- [TASK OBJECTIVE]
Word-for-word transcription: reproduce all of the data, but not the pictures.

- [STORED DATA]

/---

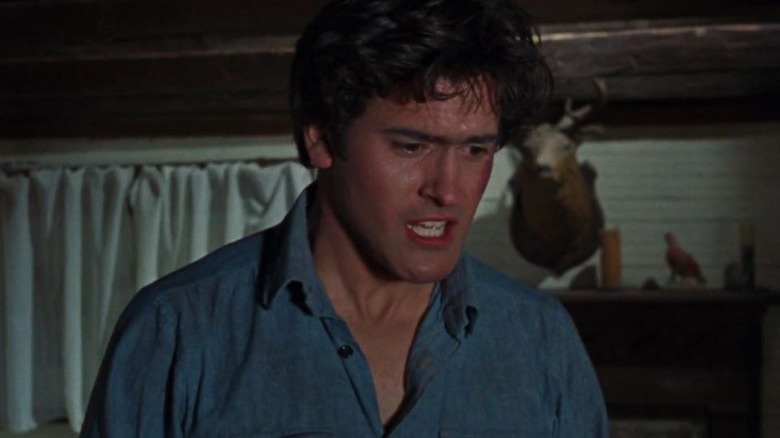 Ash in denim shirt looking frightened in The Evil Dead (1981)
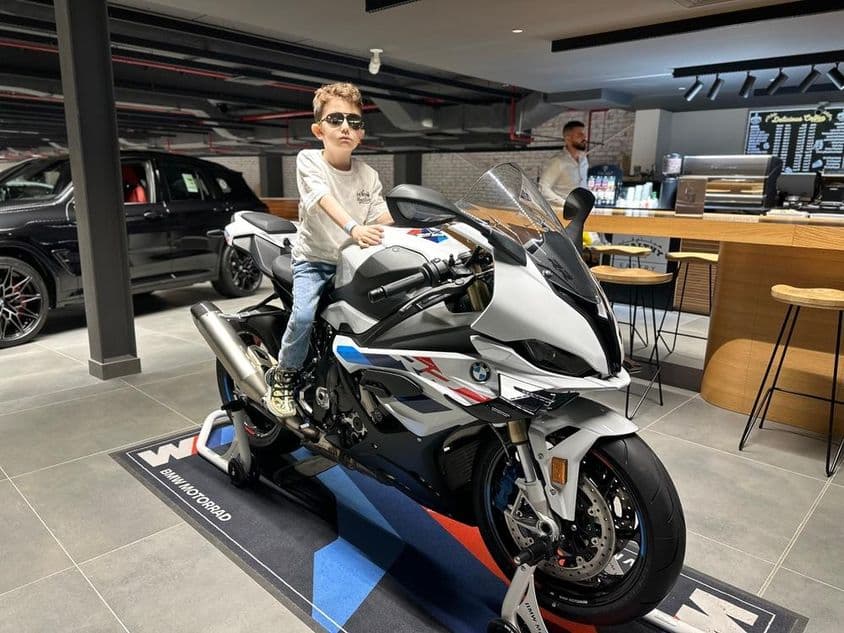 Chlapec s okuliarmi na motocykli BMW.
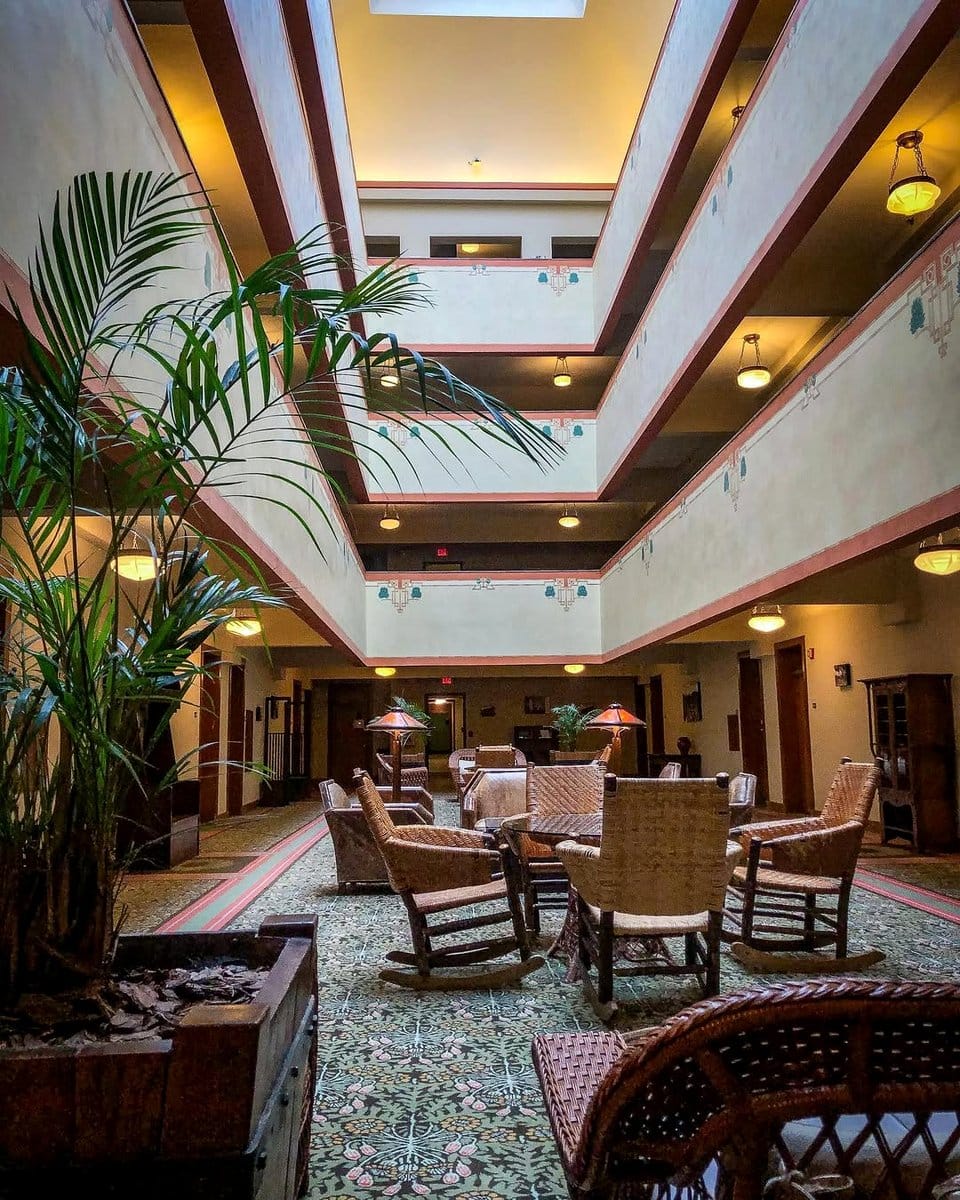 black and white planter in monochrome room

\---

- [WRITTEN RESPONSE]
 Ash in denim shirt looking frightened in The Evil Dead (1981)
 Chlapec s okuliarmi na motocykli BMW.
 black and white planter in monochrome room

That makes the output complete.